Not sure what Flipgrid is?
Flipgrid is a tool that provides a digital place for your kids to share, reflect, and respond to prompts, images, primary sources, or just about anything with you, each other, and others beyond your classroom. It’s a great way to hear from all of your students and for students to hear from each other.
And it’s free. And it’s web-based. And has both iOS and Android app versions. And it’s easy to use. Did I say that it’s free? (There is a $65 per year version but unless you become a serious user, free works just fine.)
As the teacher, you create a topic. Click a few buttons. Share the unique URL with students. They access the topic with any internet device with a camera. They click the record button. Talk for 90 seconds. Click submit. All of these student videos appear on the topic grid. You and students can now view and respond to each video. Learning happens. Done.
Check out YouTube if you’re curious:
Your brain should be working overtime right about now with ideas of what this might look like in your classroom. Browsing these ten suggestions can help:
Use Flipgrid to quickly gather some formative assessment data at the end og learning. Post a question or prompt and ask kids to respond.
Post as historical character
Ask students to think and respond as if they are Lincoln or FDR or Ida Wells or Genghis Khan or Susan B. Anthony or whomever. Extend the learning by having students create a script or storyboard before posting.
Create groups of two or three to deliver historical newscast
The newscast could be from wherever and whenever you want. And, yes, require a script or storyboard.

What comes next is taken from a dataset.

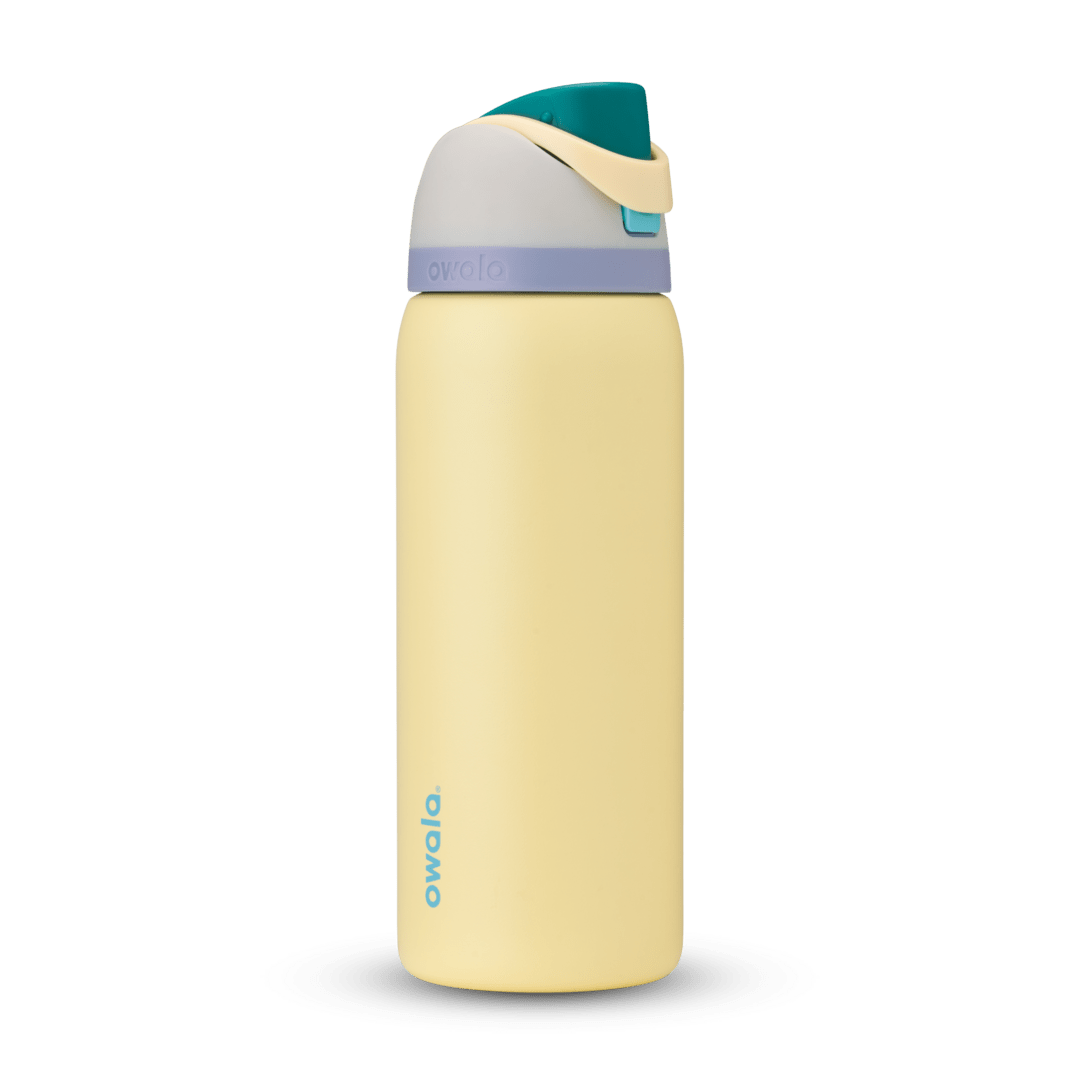 FreeSip 32oz in Sunny Daze, soft yellow body with teal flip cap, cream carry loop, gray lid, and lavender accent band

Does anyone still use the What I Know, What I Want to Know, What I Learned graphic organizer? Probably not. Because we all overused it. But the dynamic changes when we ask kids to do it in video format.
Where are we? When are we?
Create a topic and provide three clues that describe a specific place or event. Students guess by posting video responses and then reply to each other.
Create a topic but ask students to record a video using some other tool and upload that video instead of using the basic Flipgrid recording option. On a tablet, this tool could be Tellagami. If you’re using Chromebooks or other laptops, try Powtoon or Spark Video.
Collaborate with another class
Exchange topic URLs with another social studies teachers. Students from other places then respond to your prompt and vice versa. Perfect for learning about other states or locations.
Share topic URL with ELA teacher
Same idea but now you’re integrating fiction and nonfiction into your social studies content.
Post a primary source in your topic
Have kids practice their historical thinking skills by having them source and contextualize a document, photo, political cartoon, or painting. Be sure to turn on the Moderation setting before sharing the URL with your students. This requires that the all post their thinking without being able to view other student thinking. Once all students have posted, moderate their posts so they can view and respond to each other.
Rank multiple primary sources
Post two or more primary sources and ask kids to rank them and explain their rankings with evidence.
I’m curious. What other ways could a social studies teacher use Flipgrid?